As I know from experience, if there is one thing Jack Thompson is good at, it’s trash talking, and this is a trait that professional wrestlers need perhaps even more than athletic ability. Professional wrestling is where men do pretend things for two hours a night, so it’d be perfect for JT, who is already well versed in faking things.  

If you’ve ever heard a wrestling promo, you’ll know that they basically talk into a microphone for up to thirty minutes, finding thousands of words to use while only conveying a handful of information (usually along the lines of which ass they are going to kick at Summerslam). If anybody could match such insubstantial rambling, it’s Jack “Ring Stinger” Thompson and his brutal finisher, The Dis-Armbar.


There is but one sound on Earth that can drown out Jack Thompson’s voice, and that’s the ceaseless droning of a thousand bees. This job is worth Jack’s consideration just for the sense of challenge he could enjoy in trying to interrupt the buzzing honey makers. He likes to fight against the odds, and a betting man would favor the bees in an argument. Prove those gamblers wrong, Jack!


An obvious choice, Jack Thompson was actually into politics before he took up turning courtrooms into three-ring circuses, and even though he swore he’d never do it again, recent rumblings suggest he has dreams of Congress. While some people believe this would be a bad thing, we fully endorse it. Hearing JT’s crazy opinions when applied to the political arena would be hilarious, and it’d be interesting to see the scandals he could cause. 

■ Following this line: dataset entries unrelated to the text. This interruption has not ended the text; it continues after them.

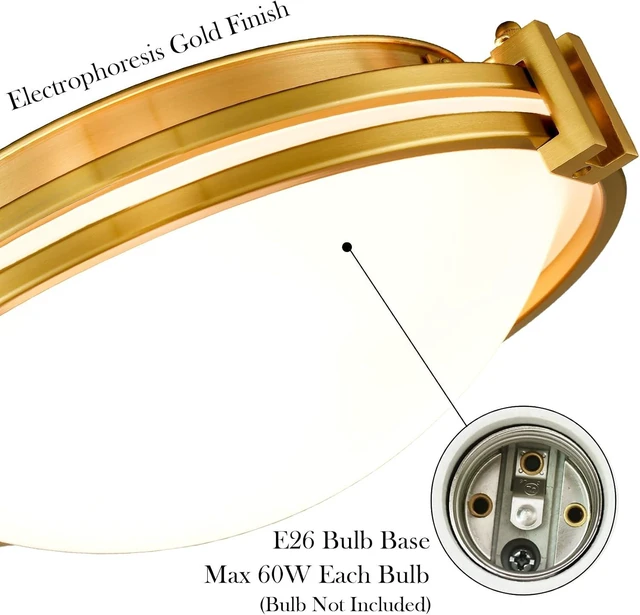 Alt view image 3 of 7 - Modern Gold Flush Mount Ceiling Light with Milk Glass Shade 12"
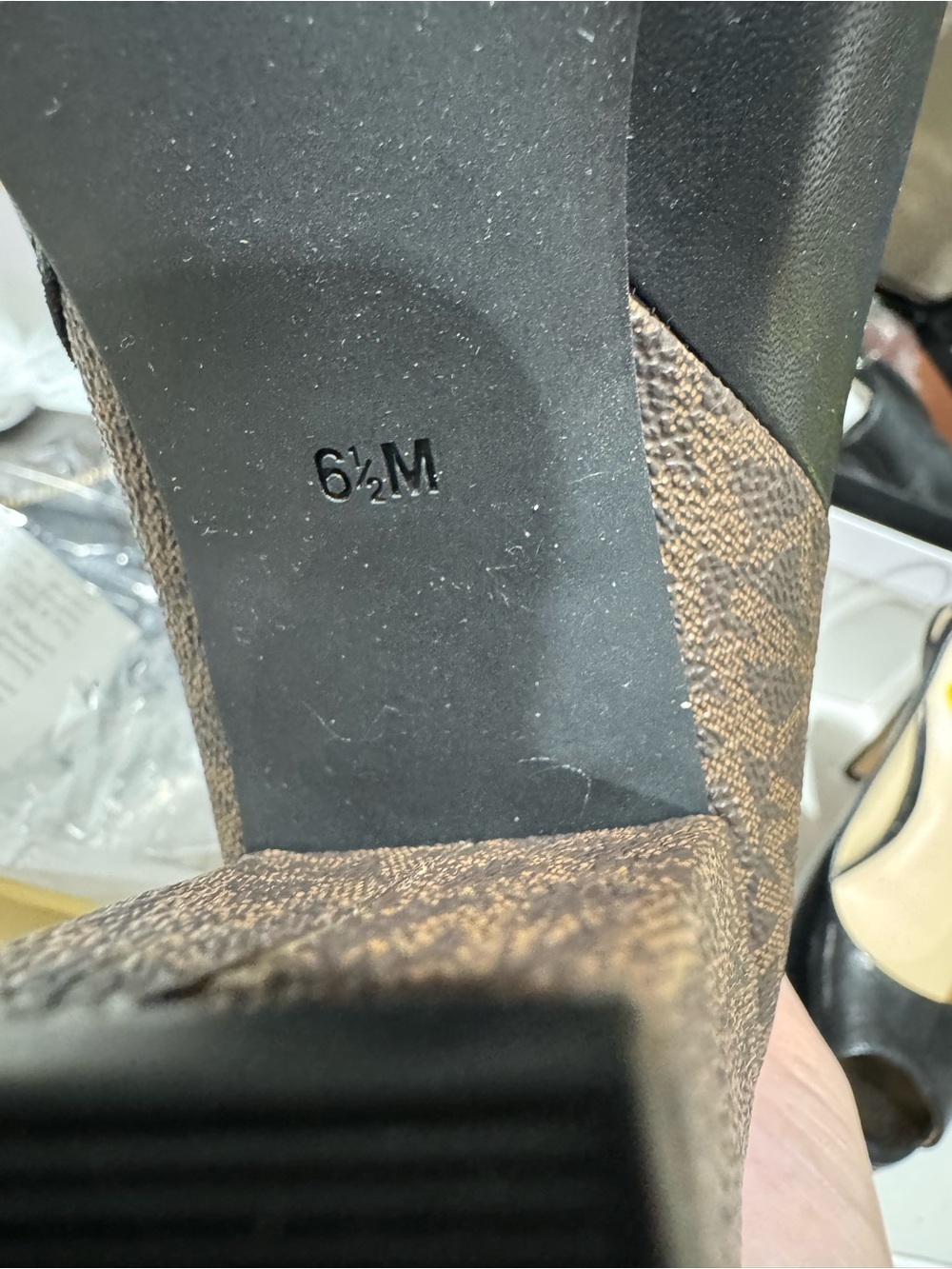 MICHAEL Michael Kors Black Leather & Brown Logo Block Heel Ankle Boot - Picture 5 of 5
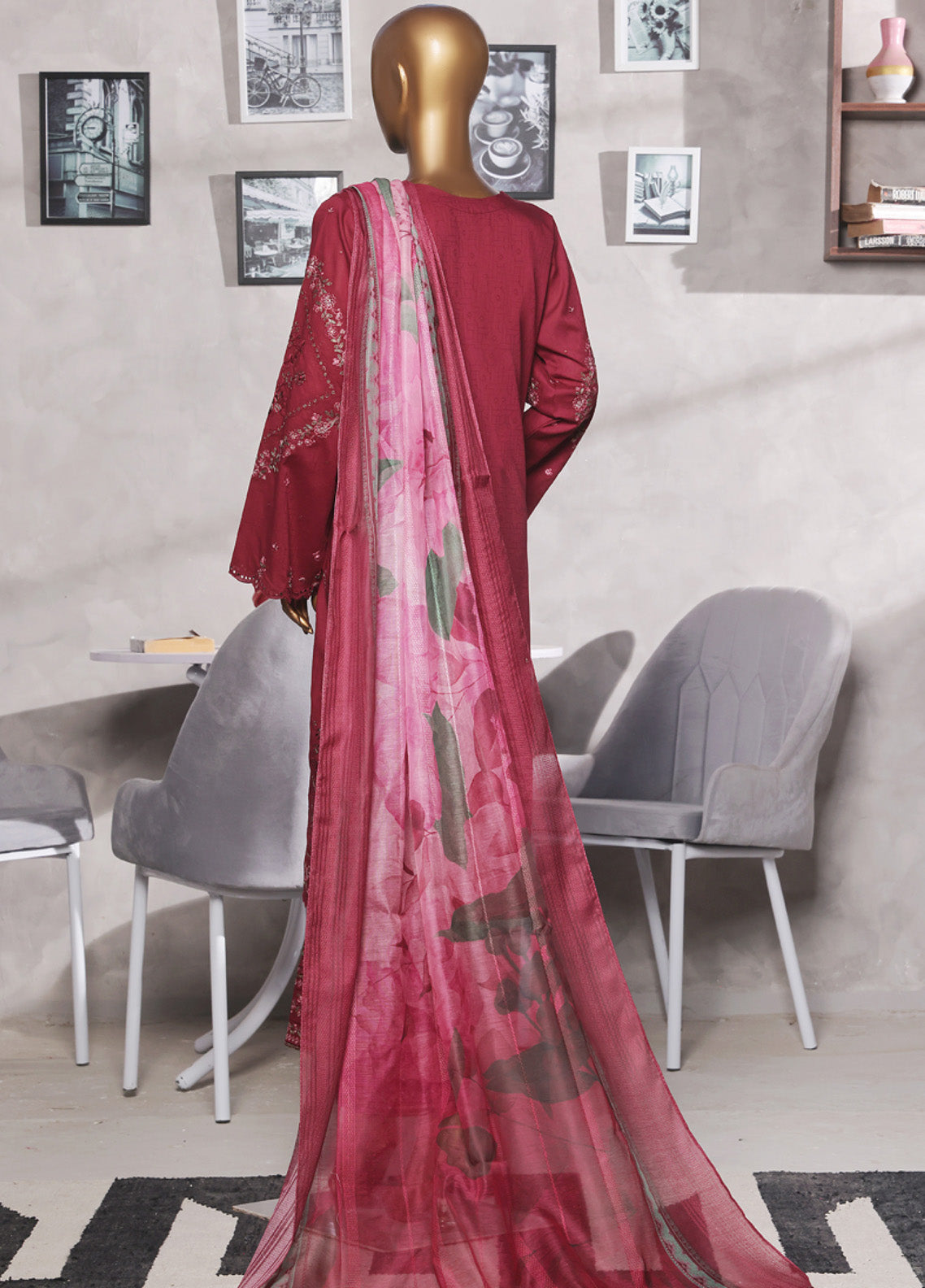 Muse By HZ Textile Embroidered Cotton Self Jacquard 3 Piece Stitched Suit HZ25MCSV2 SSJ-2501-M Muse By HZ Textile Embroidered Cotton Self Jacquard 3 Piece Stitched Suit HZ25MCSV2 SSJ-2501-M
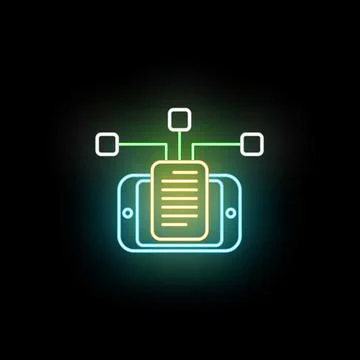 Mobile device networking data sharing connection icon Stock Illustration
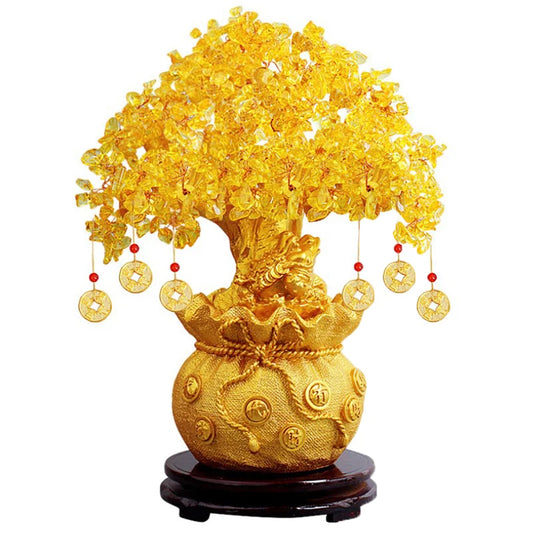 Feng Shui Yellow Fortune Tree – Lemon Quartz Crystal Yuanbao Wealth Bonsai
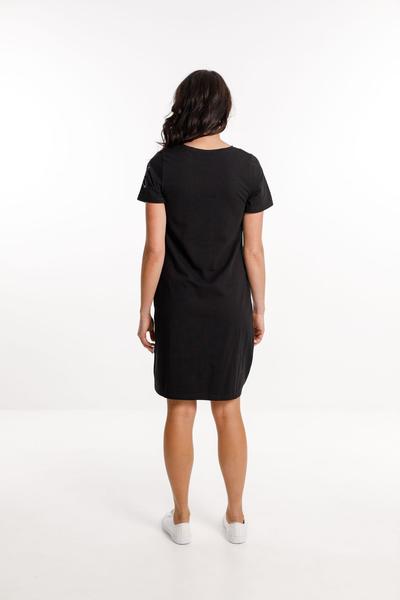 HOME-LEE_JANE DRESS BLACK WITH LILAC SORBET X OUTLINE ON SLEEVE _ _ Ebony Boutique NZ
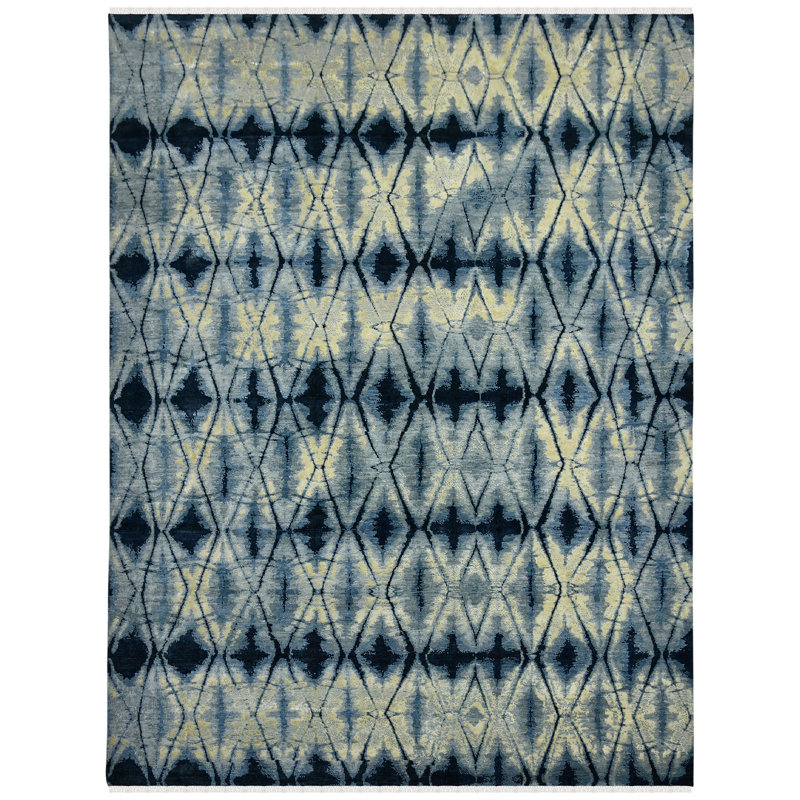 Tapis bleu saphir en laine / viscose noué à la main Hermitage Dessavie, Rectangle 9 pi x 12 pi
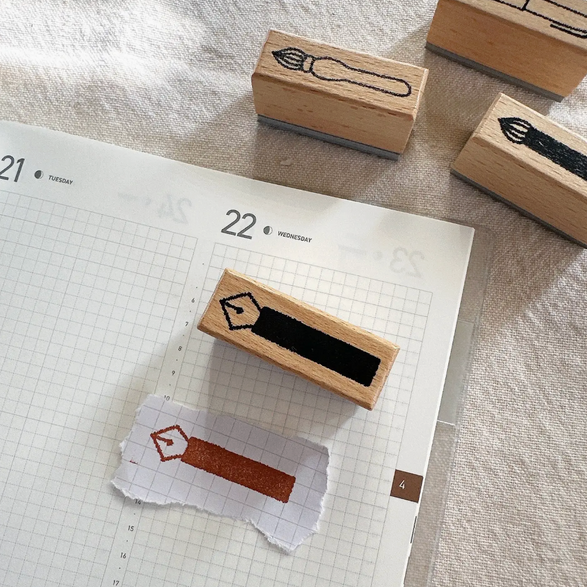 Black Fountain Pen Wooden Stamp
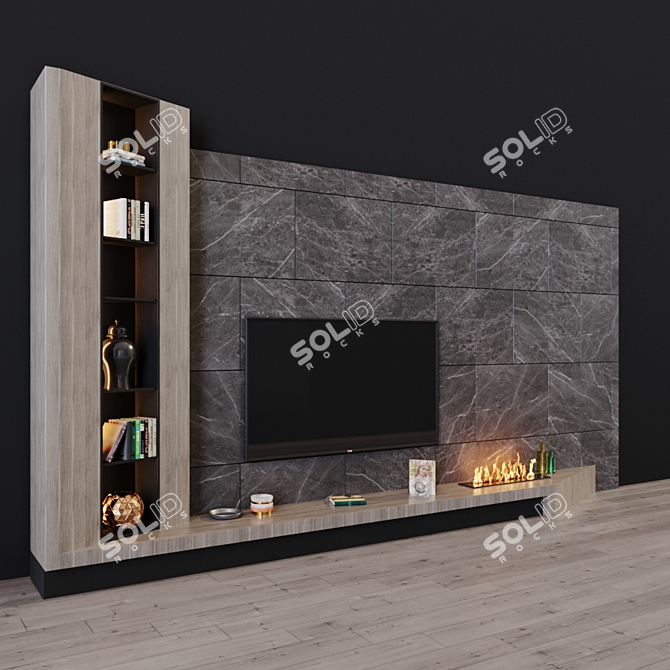 Sleek 45" TV Set 3D model image 2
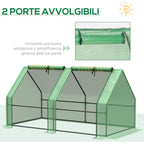 Garden Greenhouse with Reinforced PE Cover and Steel Frame, 180x90x90cm, Green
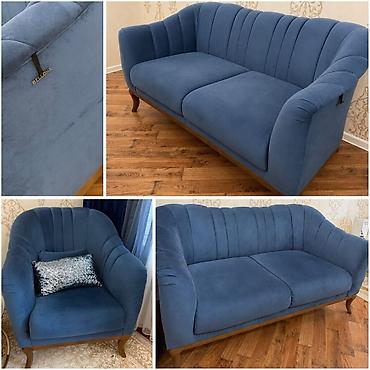 bellona divan: Bellona dəst – divan və bir kreslo - Brend: Bellona - Rəng: mavi — 1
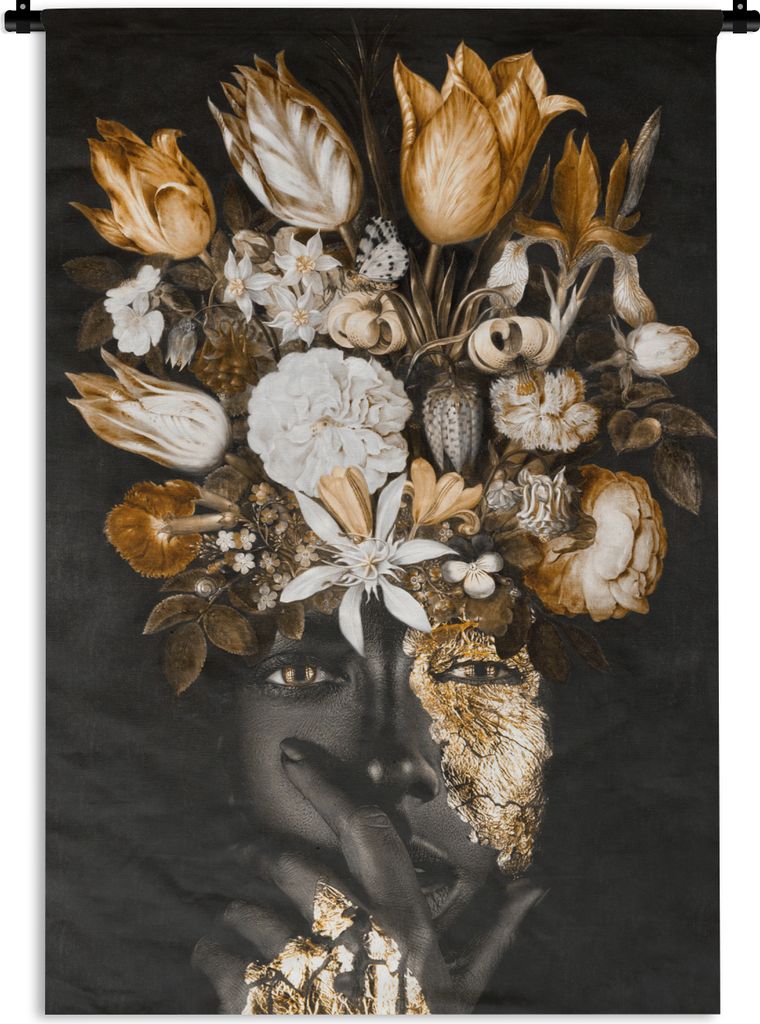 MuchoWow Wandteppich Wandbehang Frau - Blumen - Gold 120x180 cm Tapisserie Dekoration Wandtuch - Schlafzimmer - Dekorationen für das Haus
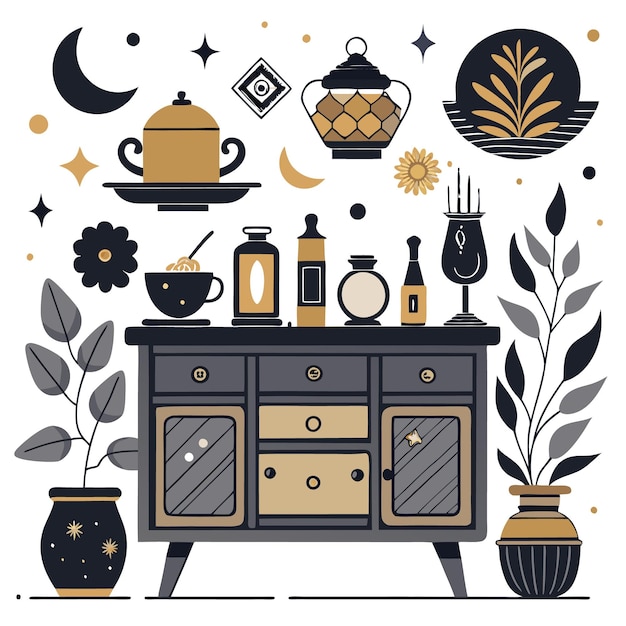 Vector a minimalist illustration of a dresser with various magical objects and plants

He obviously has all the skills of a politician — the ability to lie and … well, that’s the only skill a politician has, I suppose. Who knows? He might even make President some day. That’d be like accessing a cheat code to skip right to World War III.

Game Developer:

Jack Thompson would make an excellent designer of hyper-violent videogames. He has already pitched two twisted ideas in the past — one where you violently murder other game developers, and another he pitched to me once merely titled “kill all the gamers,” (which he claimed would appear on the Xbox 360 when asked).  

Thompson is an inventive man, and is just the kind of innovative bright spark this industry needs. He might even be able to make the Left Behind games playable. 

Rodeo caretaker:

Because he already has experience with bullshit.

Big Daddy:

The Big Daddies are lumbering creatures, prone to attack anything they perceive as a threat with no regard for reason, and possessing a single-minded dedication to protecting children from harm. It would seem that Big Daddies and Jack Thompson are indeed cut from the same cloth. 

Thompson should indeed report to Dr. Suchong and apply for the Big Daddy program. His inability to be reasoned with and his obsession with child safety would see him excel as a custodian of Little Sisters. His belief system might not mesh with Andrew Ryan’s hardcore atheism, but I imagine those two would sort out their differences. 

I would kill to hear a conversation between those two. 

Paranormal Investigator:

Thompson spends enough time hunting for things that aren’t there, so what better way to lucratively apply his lust for imaginary horrors than by becoming a paranormal investigator?  

JT’s ability to draw wild conclusions from unrelated mundaneness would be a tremendous boon in the paranormal industry, where self-professed ghost hunters can claim common household dust is evidence of spectral shenanigans. You only need to watch the ridiculous “We wish we were Blair Witch” television shows in which night vision cameras and some sweaty man whispering “I sense someone died here probably” pass for entertainment.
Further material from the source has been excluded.